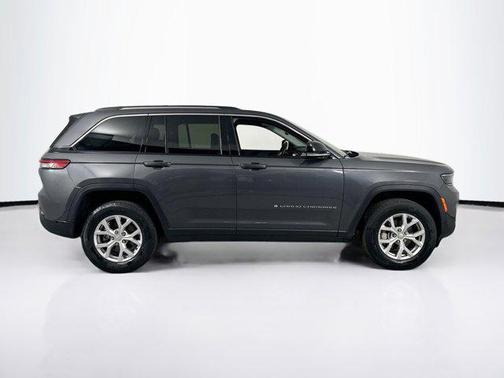 2022 Jeep Grand Cherokee Limited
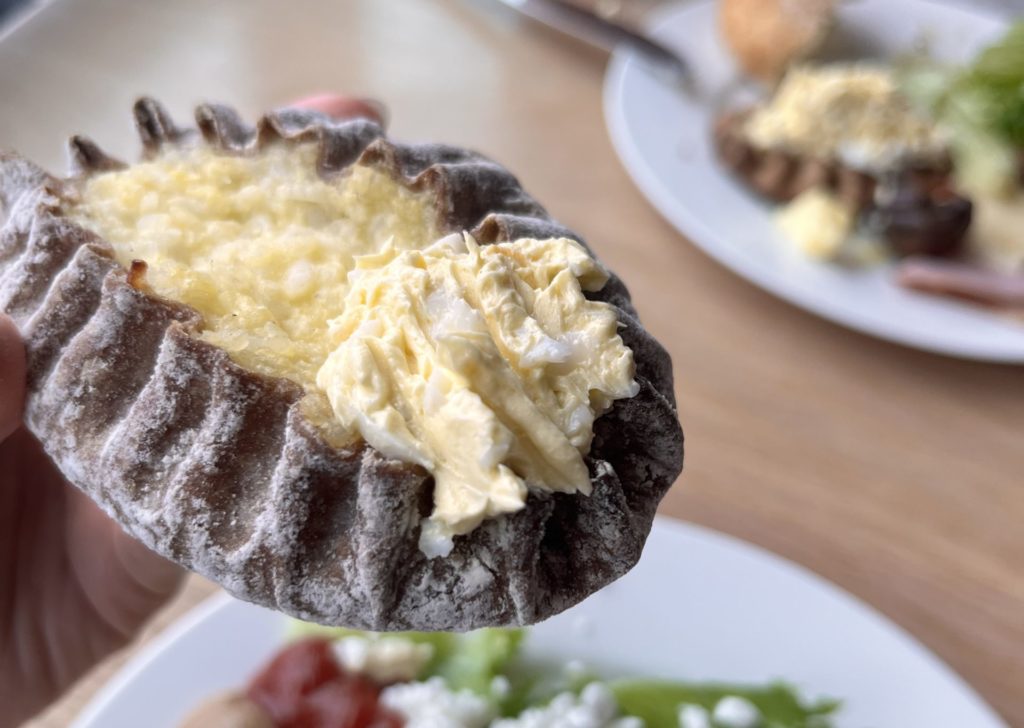 たまごサラダをのせたカレリアンピーラッカ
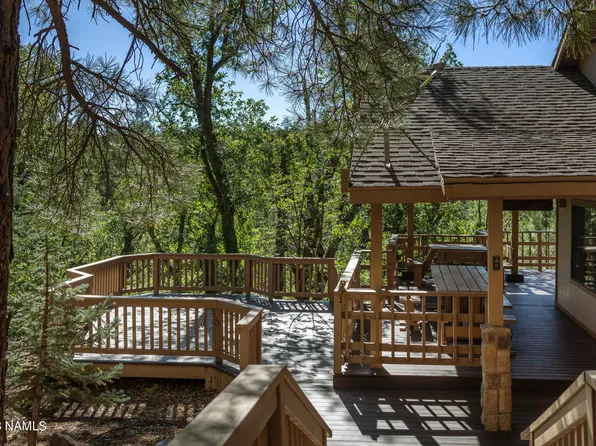 1325 E Cougar St, Munds Park, AZ 86017
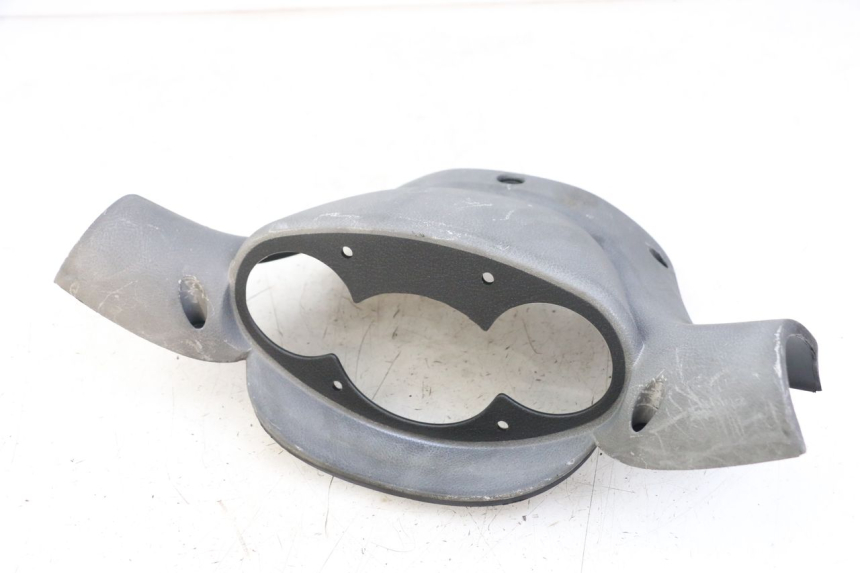 photo de OSŁONA KIEROWNICY TYLNA YAMAHA YP MAJESTY 125 (2002 - 2006) - Widok ogólny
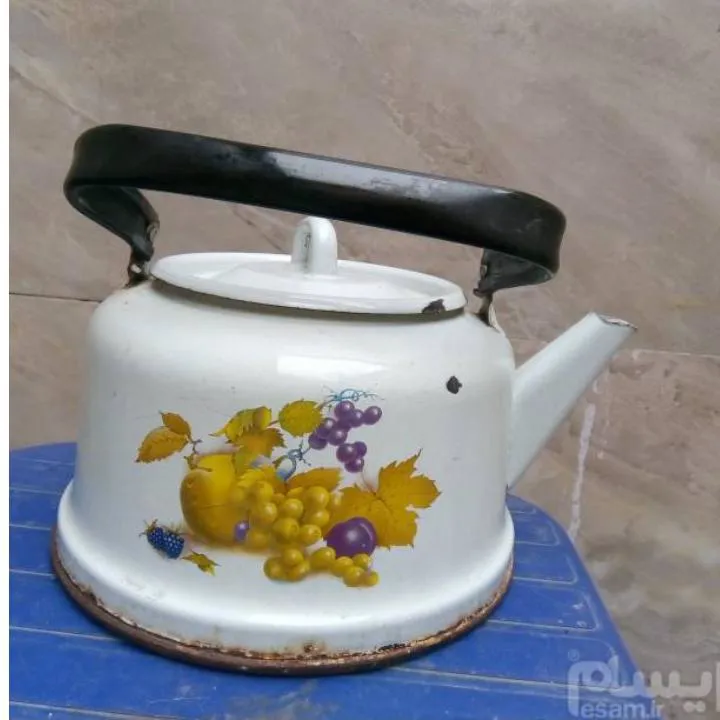 کتری قدیمی کتری لعابی نقش دار خارجی سنگین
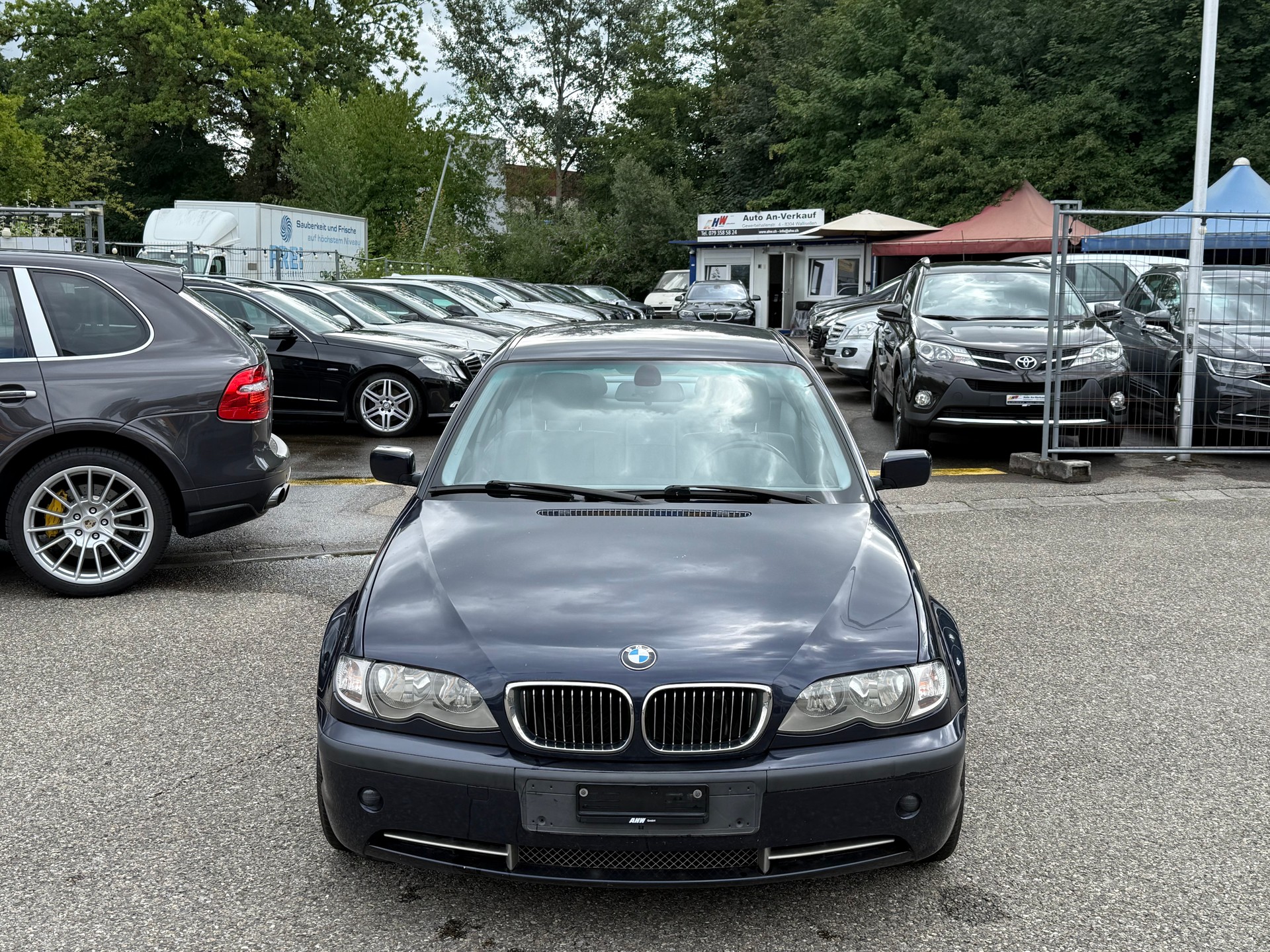 BMW 330i Steptronic-image-1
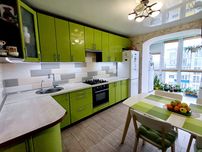 Продаж 2 кімн квартири. Центр. Автономка. Меблі. Техніка.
------------------------------------------------------------
## Description of the task
Each entry should be transcribed exactly as given, with pictures omitted.

## Answer to this task
 2022 Jeep Grand Cherokee Limited
 たまごサラダをのせたカレリアンピーラッカ
 1325 E Cougar St, Munds Park, AZ 86017
 photo de OSŁONA KIEROWNICY TYLNA YAMAHA YP MAJESTY 125 (2002 - 2006) - Widok ogólny
 کتری قدیمی کتری لعابی نقش دار خارجی سنگین
 BMW 330i Steptronic-image-1
 Продаж 2 кімн квартири. Центр. Автономка. Меблі. Техніка.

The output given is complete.